29. According to the Respondent to construe the phrase “Final Fee Note” in the circumstances of this case to amount to an unequivocal statement of the exact fee that the client is bound to pay would be a misapprehension of the law for the following reasons. In this regard the Respondent cited Section 45 of the Advocates Act Cap 16 of the Law of Kenya and submitted that the above provision is to the effect that a valid and binding agreement must be in writing and signed by the client or his agent duly authorized in that behalf. In this case, it was submitted, the fee note relied on does not meet the threshold of a validly and binding agreement as it was not signed by the Respondent or its agent and thus cannot bar the Respondent from taxing its costs.
30. In so saying, the Respondent was guided by the case of Peris Pesi Tobiko, Independent Electoral and Boundary Commission & Returning Officer Kajiado East Constituency [2017] eKLR.

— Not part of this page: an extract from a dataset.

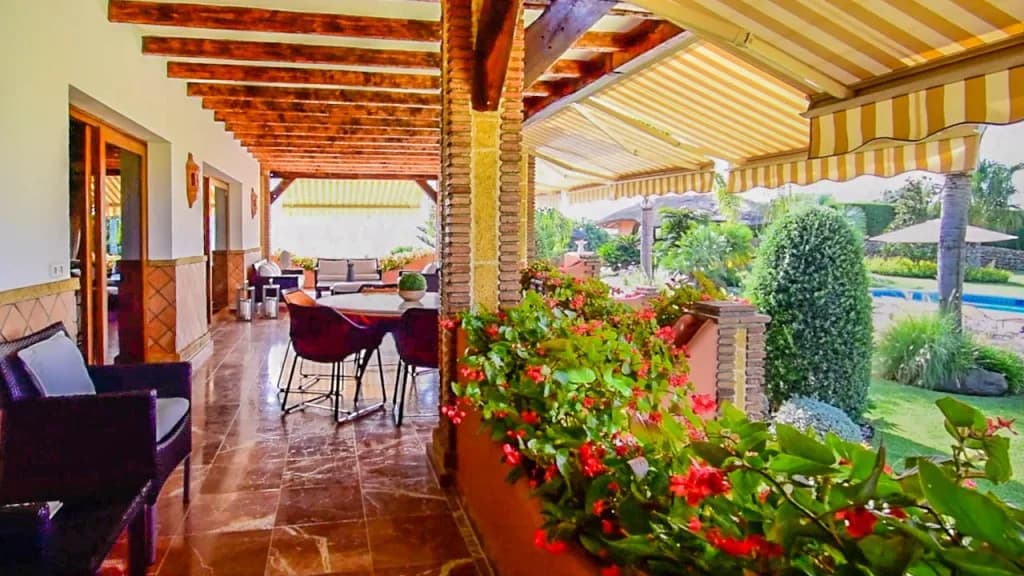 8 Bedroom Finca - Cortijo for Sale in Coín, Málaga - Image 9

31. In the Applicant’s submissions this case is distinguishable from the case of Corporate Insurance Company Limited v Kangethe Mola Advocates [2021] eKLR in which the Bill of Costs dated 11th November, 2020 was filed on 16th November, 2020 after the fees had been settled on 6th November 2020 unlike in the matter herein where the Bill of Costs was filed before any payment was received.
32. It was further submitted that equally important, the Applicant failed to disclose receipt of the Applicant’s demand letter and Notice of intention to tax dated 24th April, 2020 clearly requiring the fees to be paid within 7 days’ failure to which the Respondent would proceed to tax and would not be liable to accept payment based on the fee note. The Applicant’s failure to disclose the existence of the said letter is deliberate to mislead the court by way of misrepresentation of material facts.

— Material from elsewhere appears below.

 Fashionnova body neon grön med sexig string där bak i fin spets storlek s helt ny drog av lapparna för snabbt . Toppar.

33. The Court was therefore urged to find that if at all there was an agreement between the parties based on the principles of contract of offer, acceptance and consideration, then the documents that formed the basis of the contract between the parties were the Fee Note dated 21st February, 2020; and the demand letter and Notice of Intention to Tax dated 24th April, 2020. Accordingly, the Applicant was in breach of the Agreement between the parties and specifically the Demand letter and Notice of Intention to Tax dated 24th April, 2020 particularly the express term that unless Kshs. 160, 271. 78 was received within the 7 days of the letter, the Respondent would proceed to prepare a bill of costs without making further reference to the Applicant and that if the matter proceeded to taxation, the Respondent would no longer be liable to accept Kshs. 160, 271. 78 in payment thereof.
34. The Court was therefore urged to find that the Respondent rescinded the agreement by the simple act of filing the Bill of Costs pursuant to the terms of the Demand Letter when the Applicant failed to heed the demand and was not under any obligation to notify the Applicant thereof.

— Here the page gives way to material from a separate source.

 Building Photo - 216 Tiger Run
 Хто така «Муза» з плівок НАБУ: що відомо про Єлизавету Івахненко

35. Accordingly, the Court was urged to find that the Respondent is not estopped from taxing its costs in light of the fact there was no valid agreement as stipulated by 45 of the Advocates Act Cap 16 of the Law of Kenya.
36. On jurisdiction, it was submitted that having submitted that there was no valid agreement between the parties to bar the Respondent from taxing its costs, this court the lacks jurisdiction to strike out the Bill or award the prayers sought. This is due to the fact that the jurisdiction of this court on taxation of costs whether it is between party and party or between advocate and client is a jurisdiction exercised by the Deputy Registrar as held in the Donholm Rahisi Stores v East African Portland Cement Limited [2005] eKLR, Sharma v Uhuru Highway Development Limited[2001] 2 EA 530,Lubudellah & Associates Advocates v Nasser Ahmed T/A Airtime Business Solutions [2010] eKLR andKangethe & Mola Advocates v Corporate Insurance Company Limited[2021] eKLR.
37. Based on the foregoing the Respondent believed that this court has no jurisdiction to entertain the Application herein and that since the taxing master has not pronounced himself or herself to warrant the application herein, it is premature to say the list.
38. The Court was therefore urged to dismiss the Application with costs to the Respondent and direct the matter to proceed for taxation.
Determination 39. I have considered the Application, the affidavit, both in support of and in opposition thereof, the submissions filed and the authorities relied upon. In my view the issue revolves around whether the Applicant, in terms of the agreement between the parties herein and the law, settled the Respondent’s legal fees so as to bar the Respondent from taxing its costs against that Applicant in respect of the matter the subject of this determination.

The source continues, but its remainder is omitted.